Wednesday, November 29, 2006

novel models

Having made explicit the container-shapes-content truism, I want to know what non-traditional containers have researchers adopted to communicate their (performance-based) insights? What are the alternatives to ink on the page? What do they look like? How do they work? Really look like? Really work? I’m speaking from my limitations here, but it is terribly hard to imagine something into existence without reference to what is already known. I have identified a sample of ‘digitally framed’* research outcomes and I'm now tracking down copies to explore.
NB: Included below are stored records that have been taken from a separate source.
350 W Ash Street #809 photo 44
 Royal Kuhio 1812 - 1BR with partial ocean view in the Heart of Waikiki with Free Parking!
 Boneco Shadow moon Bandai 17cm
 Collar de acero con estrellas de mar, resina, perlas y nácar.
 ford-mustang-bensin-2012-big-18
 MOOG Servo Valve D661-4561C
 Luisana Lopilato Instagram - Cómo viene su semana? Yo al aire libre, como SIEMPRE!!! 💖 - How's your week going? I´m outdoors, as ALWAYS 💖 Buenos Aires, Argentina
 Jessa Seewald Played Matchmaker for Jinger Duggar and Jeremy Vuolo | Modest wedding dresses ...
These documents are novel in terms of their container (pioneering, even) and I hope that they help my concrete mind engage with something—that they offer me models to critique.
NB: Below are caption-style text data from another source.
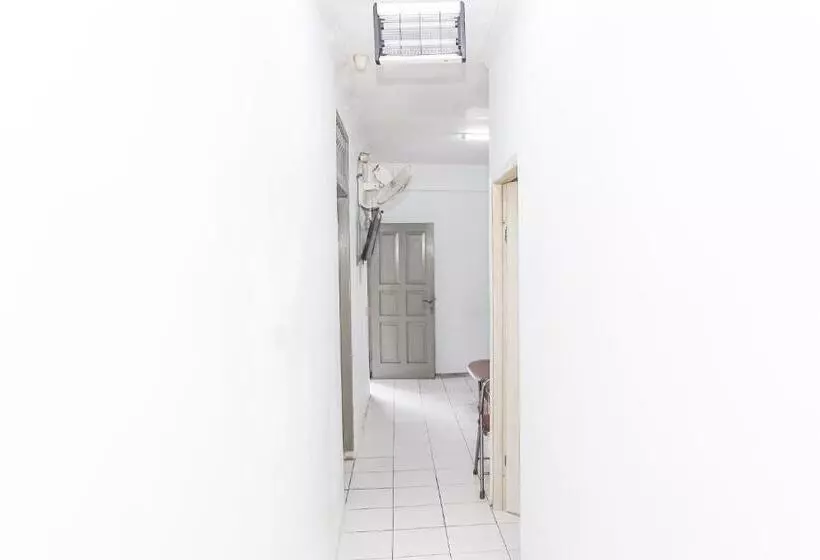 ホテル Spot On 93515 Pulo Gebang Guest House
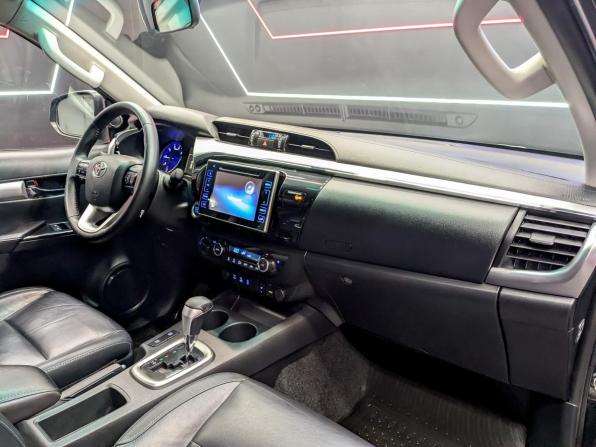 Toyota Hilux VIII с пробегом 2017 года, цена 2 900 000 рублей, 247439 км, offers.body_type.unknown, Автокод Объявления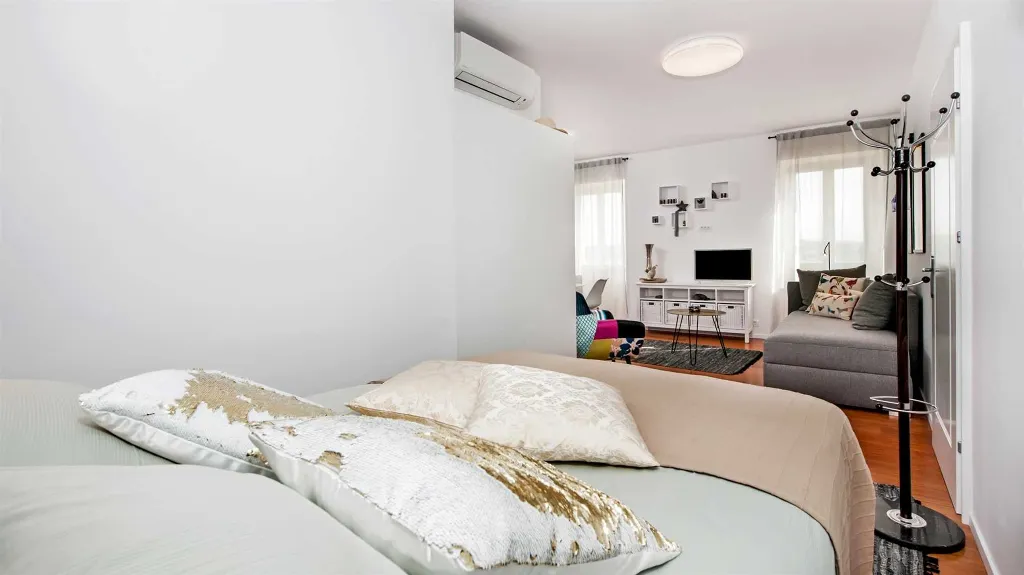 Rovinj Sea-View Studio Apartment for 2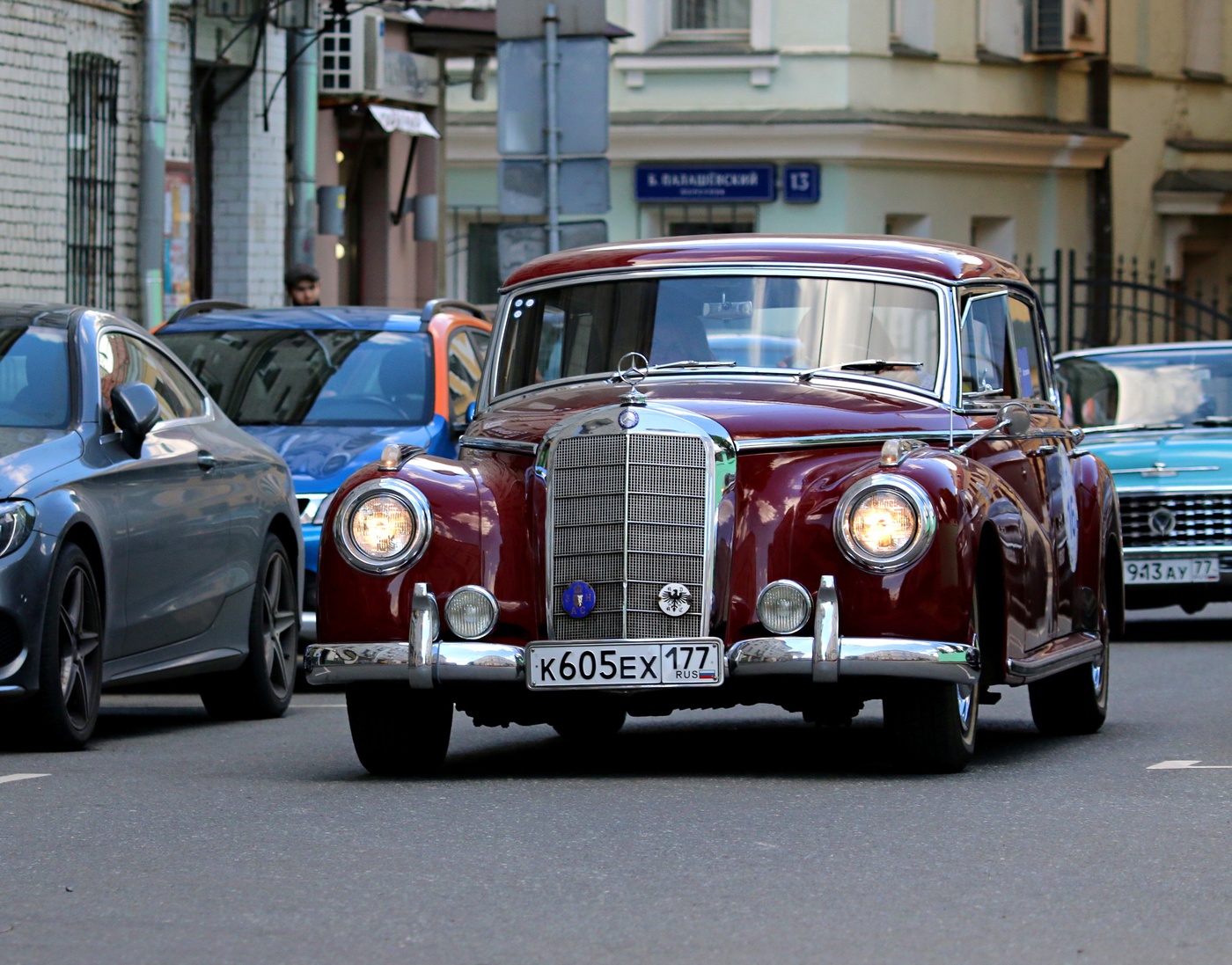 Ретро автомобили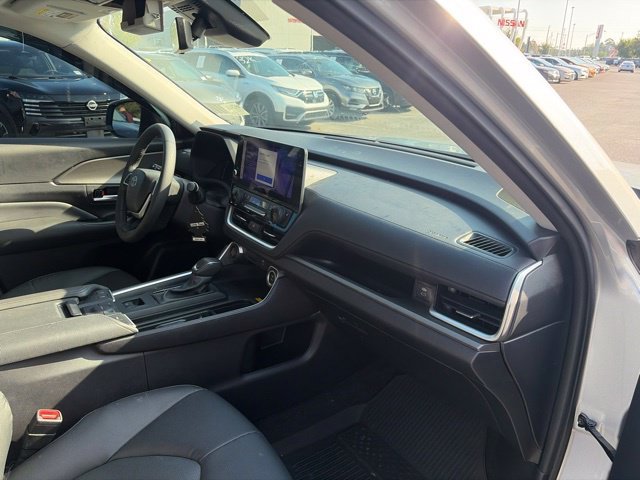 Used 2024 Silver Toyota XLE image 11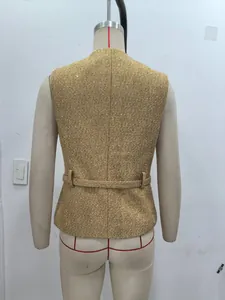 Detailansicht der Rückseite einer goldfarbenen Pailletten-Tweed-Weste mit passendem Gürtel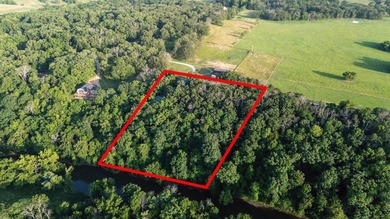 Private Ozarks Retreat on 3.17 Wooded Acres Discover the perfect - photo 4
In chronological sequence, the documents are:

Chameleons Group, The. 1995. Chameleons 1: theatrical experiments in style, genre and multi-media. CD-ROM. Studies in Theatre Production, Exeter University. Volume 13. [http://dpa.ntu.ac.uk/ “believed to be the first theatre CD-ROM to have been published in a refereed academic journal”]

Kolb, D. [<2003] Socrates in the labyrinth: hypertext, argument, philosophy. CD-ROM. Eastgate Systems Inc.

Valentine, L. 2004. The activity of rhetoric within the process of a designer’s thinking. PhD thesis, Dundee University. [Louise’s thesis takes the form of a ‘regular’ PhD (hard-bound, paper sheets … you know the sort of thing) and CD-ROM which opens to reveal the entire ‘regular’ PhD text plus imbedded still, moving and interactive images.]

Meyn, N. 2006. Excavating the future: acting and the art of classical song. DVD. London: GSMD.

* Why did I not go with the apparently relevant word “multimedia”? Digitally framed is intentionally broader in scope: I mean to include digital documents that are wholly comprised of text and include a query interface, which, if not present, would significantly reduce the usefulness of the report. Following a different argument, something might be ‘multimedia’ in the everyday sense, but still not achieve the quality of allowing content to be appropriately media-ted in the sense that I am trying to articulate.